Here’s a guy who was 19 years old on 9/11 and within a few years, the US military is engaged in 2 wars, and he chooses to become a mercinary in a foreign army for a foreign state and he puzzled by people’s reactions? Even if you find the US wars on Iraq and Afghanistan repugnant, one shouldn’t find the reaction puzzling.

If, after 9/11, you’re an american feeling the need to enlist and you happen to be jewish and you join a military that happens to be Israel’s your not dually loyal – you’re a coward.

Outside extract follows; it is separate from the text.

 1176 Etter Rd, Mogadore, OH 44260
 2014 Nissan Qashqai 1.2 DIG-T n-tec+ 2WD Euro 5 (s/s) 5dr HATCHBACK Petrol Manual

I can see a young fellow who has been raised on some identity emotion for a foreign country going off to join their armed forces “if” that country is embroiled in some great war and the US isn’t embroiled in one at the same time.
I probably wouldn’t have much of a problem with that.
I can’t see one doing that if that other country isn’t in some significant war, just to serve the other country as a sign of loyalty.
What I have a big problem with is those who do that when the US is involved in actual combat wars and they don’t join the US military to serve but do go join the IDF.
I think a fair law would be that if someone leaves the US to join a foreign military during our time(s) of war instead of serving the US then they should have their citizenship revoked and not be able to come back.

“A common phrase used by Israelis to describe the foreign soldiers who came to join the IDF is the Yiddish slur “freier,” which is somewhere between a fool and a sucker. “

There you go.

Good for this guy he is living in NY, he wouldn’t be able to get a job as dog catcher in most parts of the country with a resume showing he took off to join the Israeli military instead of the US after 911.